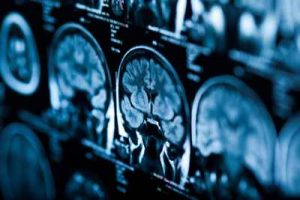 Hpe Storage Ge Healthcare Blog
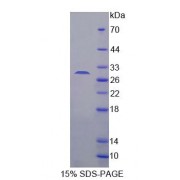 SDS-PAGE analysis of Mouse C/EBP delta Protein.
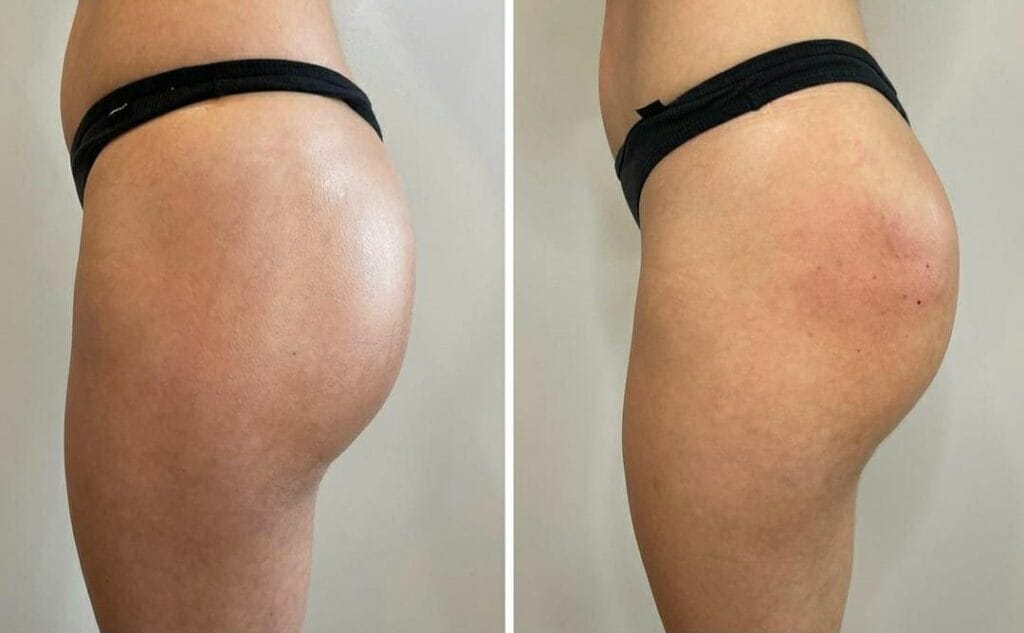 Harmonizacao de Gluteo Sao Paulo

- - - - - - -

__Exercise__
Pictures are to be omitted; otherwise, write out the data exactly as it appears.

__Written answer__
 Hpe Storage Ge Healthcare Blog
 SDS-PAGE analysis of Mouse C/EBP delta Protein.
 Harmonizacao de Gluteo Sao Paulo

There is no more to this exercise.